Once you have registered a new company with the Companies Registration Office (CRO) in Ireland, the next step that you will need to do to get up and running is to register the company for tax.

To do this, you will need to fill out a Form TR2 which will allow you to register for all the relevant taxes for your company (Corporation Tax, VAT, PAYE/PRSI, RCT). Instead of paying an expensive accountant to do this task for your, you may be able to do this yourself if you understand all the aspects of the form.

In this blog post, I will give you a real-life example you can follow as well as a quick run down and explainer of the more difficult parts of the form.

Check out this completed TR2 that can be used as a reference point

Explainer on Key Points on each section of the TR2 Form

Part A – General Details

There is nothing too difficult in this section – it should be all readily available information.

Here is a short list of what you will need to have ready:

  • Business / Registered Office Address
  • CRO number – find this on your certificate of incorporation
  • Date company was registered – find this on your certificate of incorporation
  • When business activity commenced
  • Company shareholder, director and secretary information
  • Details of your tax advisor (if any)
  • Estimates of annual turnover for the first year
  • Details or rental agreements (if any)
  • Prior owner VAT details if the company was acquired

Part B – Corporation Tax

In the easiest section of the form, all companies will be required to register for corporation tax. All you have to do is tick the box.

Part C – VAT Registration

Once your turnover exceeds the threshold of €75,000 for the supply of goods or €37,500 for the supply of services then you are required to register for VAT in Ireland.
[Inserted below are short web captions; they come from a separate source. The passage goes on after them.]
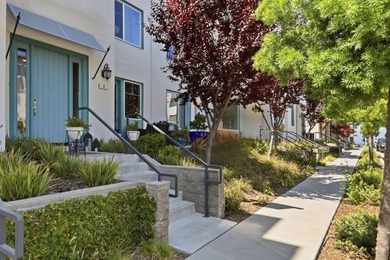 Contemporary Townhome Style Condo in highly sought-after - photo 40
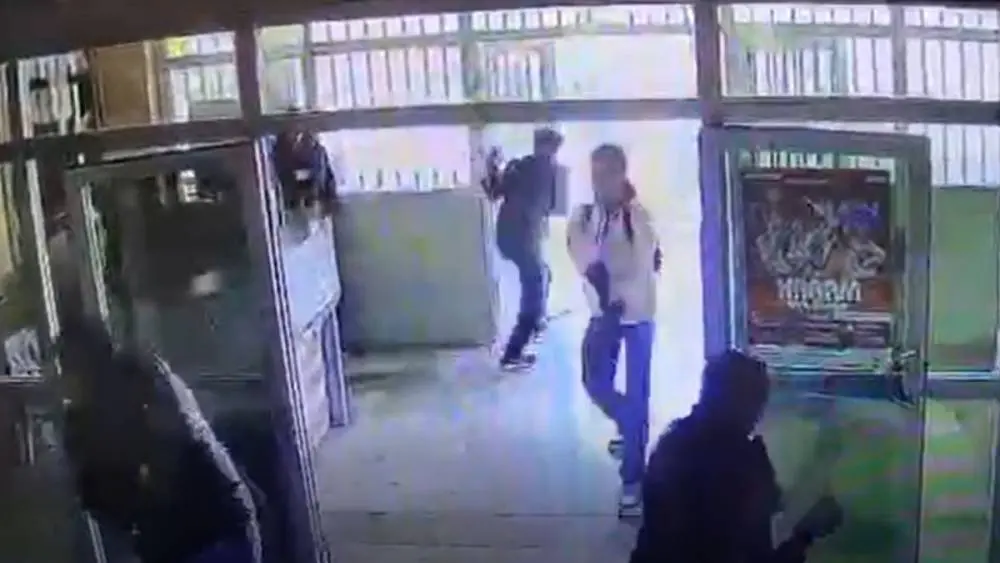 Siverek'te okulda silahlı saldırı: 16 kişi yaralandı, şüpheli yaşamına son  verdi - Videolu Haber haberi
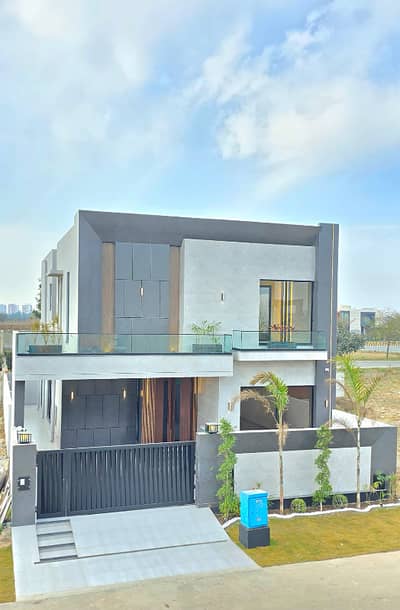 10 MARLA BRAND NEW SEMI FURNISH MODERN HOUSE FOR SALE IN DHA PHASE 6 NEAR RAYA , KFC AND DOLMAN MALL ORIGINAL PICS AND DEMAND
Even if you are below these thresholds you may still choose to elect to have your business VAT registered.

Here are a few of the tricker items you may not be familiar with that are included in this part of the form:

Cash Receipts Basis of Accounting: With this basis of accounting you will only pay VAT on your sales whenever the customer pays you. If your turnover is below €2 million per annum or 90% of your supplies are made to customers who are not registered for VAT then you you can use this basis for completing your VAT returns.

Intra Community Activity: if your business exports or imports goods or services to customers in other EU countries then these amounts will need to be accounted for appropriately and disclosed in separate sections of your VAT returns. There also will be additional reporting requirements in the form of VIES (VAT Information Exchange System) information which are often submitted on either a monthly or quarterly basis.

Postponed Accounting for VAT: If you import goods from outside the EU, then you can use the postponed accounting scheme to improve your cash flows. Instead of paying VAT on imports immediately and then claiming it back at a later date, with postponed accounting you are allowing all traders to reclaim VAT at the same time that it is self-accounted for on a VAT return.

If you register for VAT make sure that your invoicing template correctly accounts for the right VAT rates for the product or service you are selling.

Part D – Registration as an Employer for PAYE/PRSI

This section is relevant to your business if you are hiring staff – you will be required to note how many full time (over 30 hours a week) and part time (less than 30 hours a week) you have hired.

As well as this you will have to note what software you use to calculate the payroll taxes that will be included in the P30 returns ( or describe your manual system).

Some companies do payroll in-house and some outsource it to a professional firm – if you do outsource payroll then add in your advisor’s details in this section also.

Part E – Registration for Relevant Contracts Tax (RCT)

The final part of the TR2 form is related to Relevant Contracts Tax (RCT). This form of tax applies to certain payments by principal contractors to subcontractors in the construction, forestry and meat-processing industries. The rates of tax are 0%, 20% and 35%.

What is the difference between a TR1 and TR2 Form

The TR1 form is for tax registration of sole traders, partnerships and individuals in Ireland. Whereas a TR2 form is completed by resident companies to register for tax in Ireland.

Disclaimer: This blog post is for informational and educational purposes only and should not be construed as financial advice.